WORK TO COMPLETE =
Return all entries verbatim; skip any pictures.

[Short descriptive text snippets]
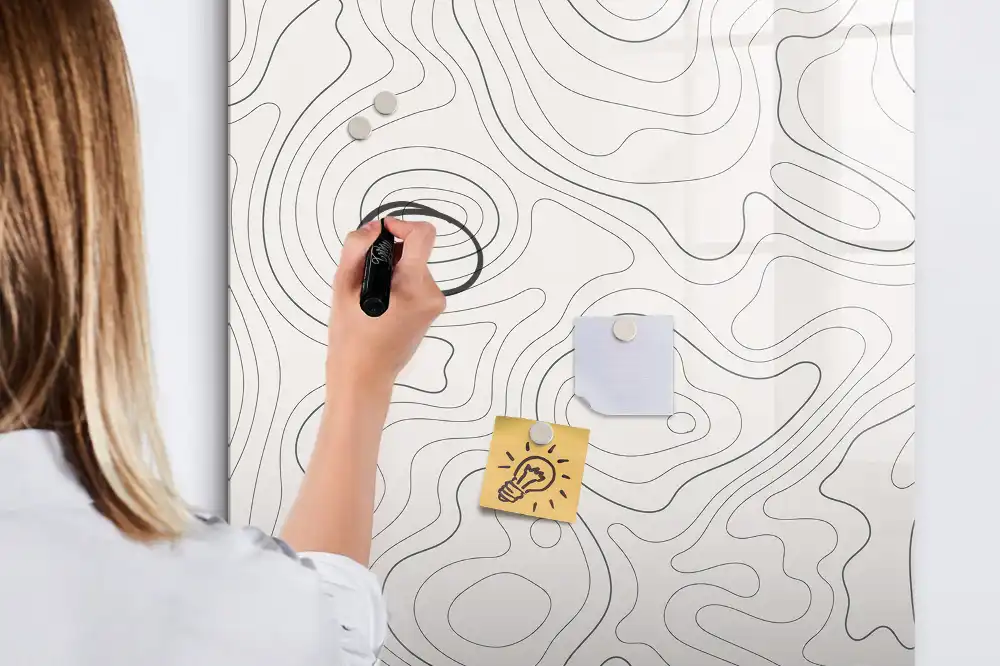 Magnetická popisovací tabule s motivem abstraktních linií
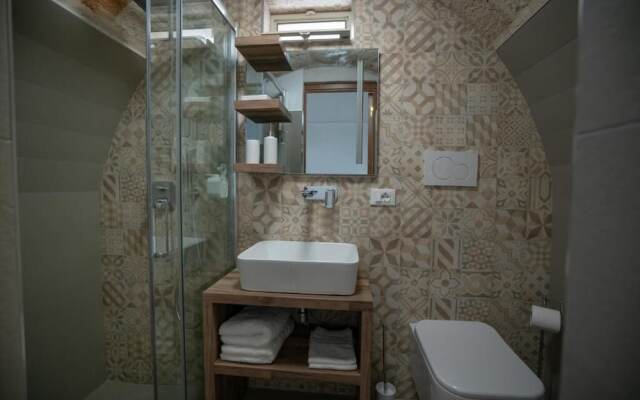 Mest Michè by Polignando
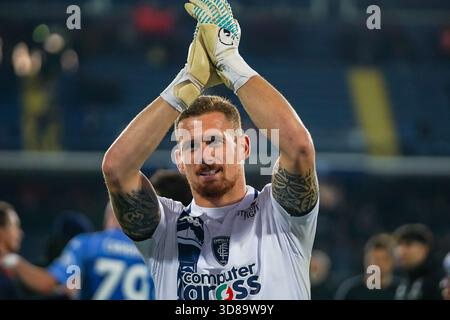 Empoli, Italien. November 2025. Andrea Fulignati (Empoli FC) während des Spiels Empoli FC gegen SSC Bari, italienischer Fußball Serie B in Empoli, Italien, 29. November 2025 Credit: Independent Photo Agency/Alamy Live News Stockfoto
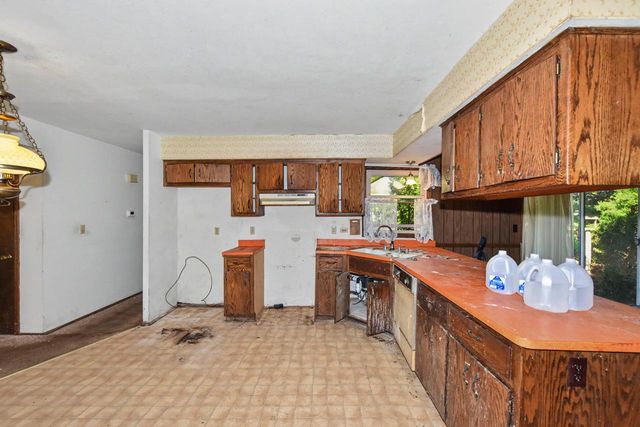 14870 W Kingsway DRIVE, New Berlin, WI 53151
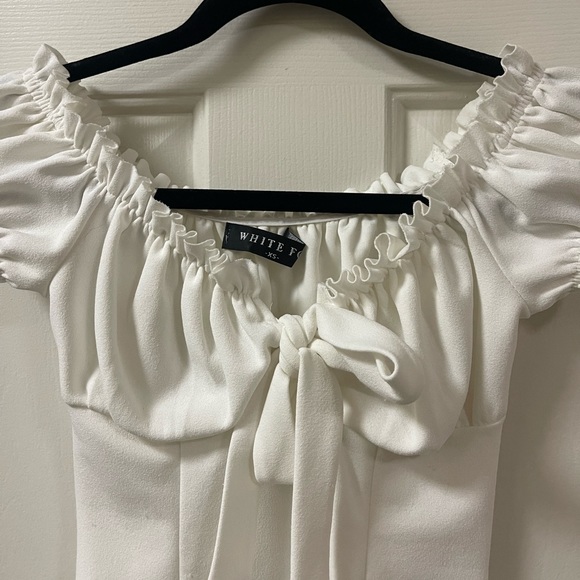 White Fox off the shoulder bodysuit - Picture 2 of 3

YOUR RESPONSE =
 Magnetická popisovací tabule s motivem abstraktních linií
 Mest Michè by Polignando
 Empoli, Italien. November 2025. Andrea Fulignati (Empoli FC) während des Spiels Empoli FC gegen SSC Bari, italienischer Fußball Serie B in Empoli, Italien, 29. November 2025 Credit: Independent Photo Agency/Alamy Live News Stockfoto
 14870 W Kingsway DRIVE, New Berlin, WI 53151
 White Fox off the shoulder bodysuit - Picture 2 of 3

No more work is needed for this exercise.